> WHAT THE TASK ASKS: The reply must repeat each entry exactly and contain no pictures.
>>>
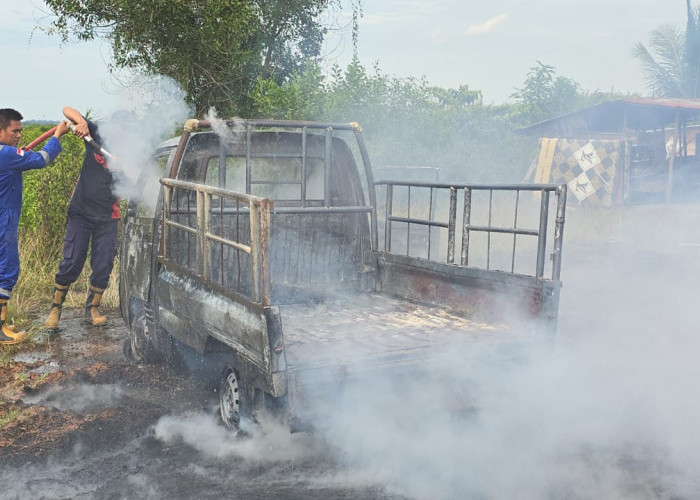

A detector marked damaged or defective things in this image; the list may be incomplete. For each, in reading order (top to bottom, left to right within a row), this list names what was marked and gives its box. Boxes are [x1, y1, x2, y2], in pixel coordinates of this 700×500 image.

burned pickup truck [119, 119, 568, 432]
burnt metal frame [374, 181, 568, 282]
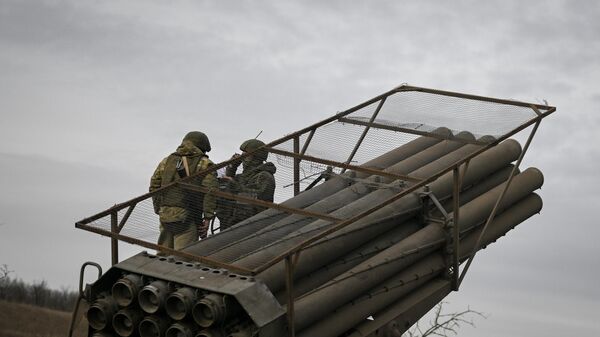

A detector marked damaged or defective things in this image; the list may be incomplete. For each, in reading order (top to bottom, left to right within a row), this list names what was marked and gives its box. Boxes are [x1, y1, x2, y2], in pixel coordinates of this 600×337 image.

rusty metal frame [76, 84, 556, 334]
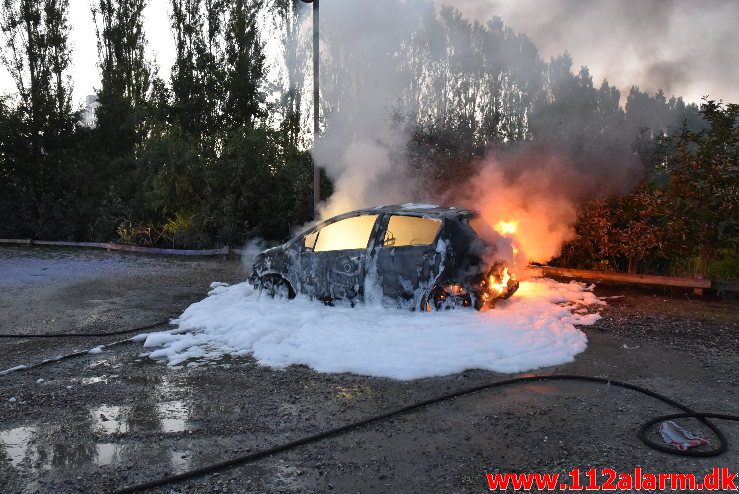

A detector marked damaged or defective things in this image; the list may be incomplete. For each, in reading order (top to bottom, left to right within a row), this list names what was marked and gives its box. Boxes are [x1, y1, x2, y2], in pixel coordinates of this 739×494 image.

damaged vehicle door [298, 215, 378, 302]
damaged vehicle door [376, 214, 446, 306]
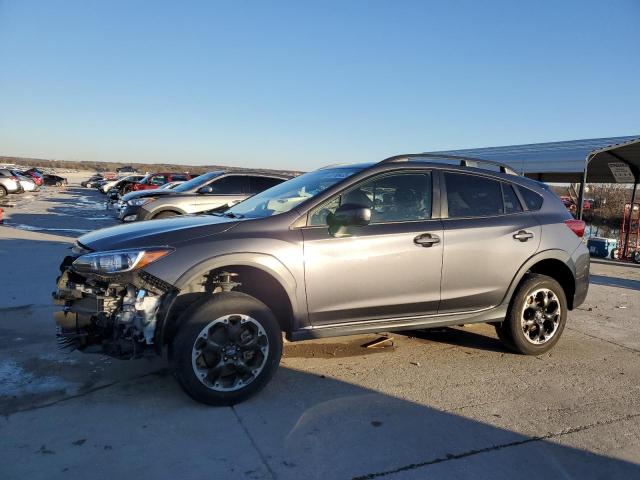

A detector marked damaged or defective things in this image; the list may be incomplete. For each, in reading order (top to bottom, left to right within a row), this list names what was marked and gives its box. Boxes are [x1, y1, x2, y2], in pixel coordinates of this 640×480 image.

crushed front end [52, 246, 176, 358]
crumpled hood [78, 215, 238, 251]
damaged subaru crosstrek [55, 154, 592, 404]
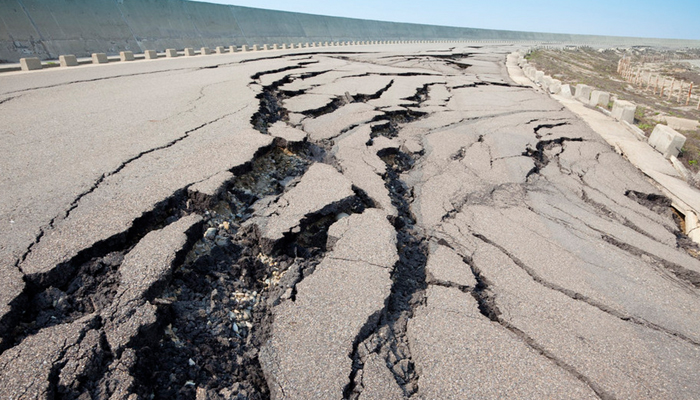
<<<
> YOUR SOLUTION:
A detector marked damaged or defective things in this image; the list may be incomplete. For each, in reading order (top to bottom, left to right within a row), this list names what was marked and gives its box. Boxes are [x1, y1, x2, y2], in pixel coordinates of this 700×500 image.

burned pickup truck [119, 119, 568, 432]
burnt metal frame [374, 181, 568, 282]

A detector marked damaged or defective things in this image; the list may be incomplete. For each, in reading order (top to bottom, left to right within a row), this list names what was marked and gives its box. Boxes are [x1, y1, x2, y2], in pixel coordinates of this 600×337 image.

rusty metal frame [76, 84, 556, 334]

A detector marked damaged or defective things in this image; the list may be incomplete. For each, in reading order (top to bottom, left to right within a row), this list names what was marked and gives its box. Boxes are [x1, y1, x2, y2], in pixel coordinates of this 739×494 image.

damaged vehicle door [298, 215, 378, 302]
damaged vehicle door [376, 214, 446, 306]

A detector marked damaged or defective things in this image; the list may be incomplete. For each, in reading order (top to bottom, left to right within a row), this list names what was marked and gives its box. Boxes are [x1, y1, x2, y2], in pixel coordinates of this 640×480 image.

crushed front end [52, 246, 176, 358]
crumpled hood [78, 215, 238, 251]
damaged subaru crosstrek [55, 154, 592, 404]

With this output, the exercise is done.